With effect from 6 April 2026, it will be easier for unions to impose statutory recognition on care providers, requiring them to collectively bargain.
Unions will usually approach care providers seeking a voluntary recognition agreement in the first instance. However, if this is not agreed, the union may apply to the CAC for a statutory recognition agreement to force the care provider’s hand.
Currently, to succeed with an application for statutory recognition a trade union must demonstrate that (i) 10% of the proposed bargaining unit are union members and (ii) a majority of workers in the bargaining unit are in support of recognition. In future, the first threshold could be reduced to as low as 2% and the second threshold will be removed.
Currently, where the CAC orders a recognition ballot, it must be satisfied that recognition is supported by a majority of workers voting and at least 40% of the workers in the bargaining unit. In future these thresholds will be removed and only a simple majority of workers voting will be required.
These reforms make it easier for unions to secure statutory recognition even when current union representation is very low.
The Act introduces sectoral collective bargaining for the care sector for the first time. A new Adult Social Care Negotiating Body will be created, with worker representatives (trade unions) and provider representatives tasked with agreeing an annual Fair Pay Agreement, setting minimum standards for pay, terms and conditions and other employment matters.
The Fair Pay Agreement will be binding on all adult social care providers and will be automatically incorporated into workers’ employment contracts.
Fair Pay Agreements could include an increase in the pay floor for care workers to a rate above the National Living Wage, a global percentage pay uplift or the introduction of pay scales aligned to a career development framework. A requirement to pay a minimum hourly rate for sleep-in shifts and for travel time in homecare, and enhanced holiday entitlement and sick pay are also likely to be top of the trade union agenda.
The first Fair Pay Agreement is due to come into force in April 2028.
The care sector historically has low levels of union representation; however, new access rights will get them a foot in the door, so that they can garner worker support, and then request formal recognition.

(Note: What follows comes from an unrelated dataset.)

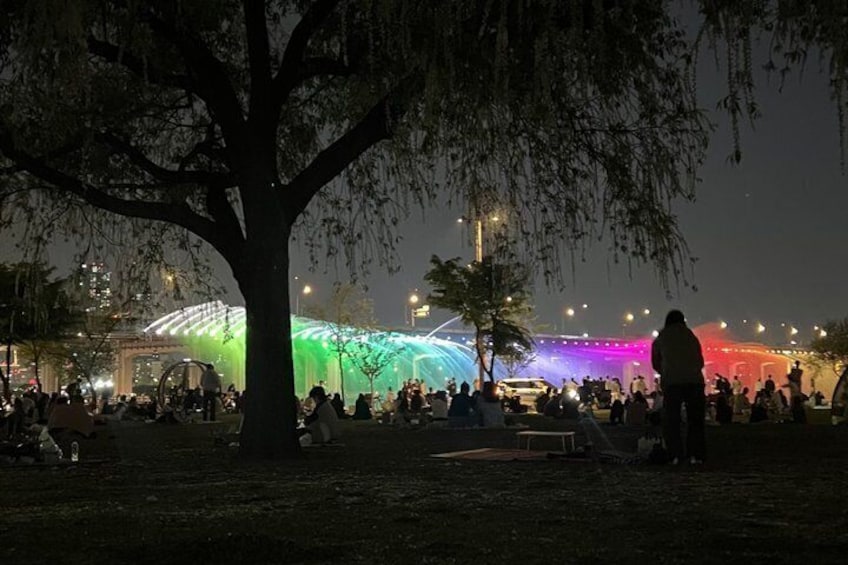 A nighttime outdoor gathering with a large tree in the foreground and a brightly lit structure in the background. 5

Unions are likely to start by approaching the largest care providers where the return on investment (employee trade union fees) is higher. In fact, this is already happening. The extent, or possible limitations, in the unions resources will determine how quickly this trickles down to small and medium sized providers.
The most significant risk for care providers is increased labour cost exposure arising from sectoral pay agreements and stronger collective bargaining leverage.
The combination of Fair Pay Agreements, increased recognition and collective bargaining, on top of annual National Living Wage rises, mean that employee costs are likely to continue to rise. Given existing funding constraints in publicly commissioned
care, providers may face margin compression unless fee uplifts from commissioners align with increased workforce costs. The unfortunate reality is that they won’t be.
Preparing for and implementing the proposed reforms will require additional resource, as will formally recognising a trade union to ensure a constructive working relationship and effective collective bargaining.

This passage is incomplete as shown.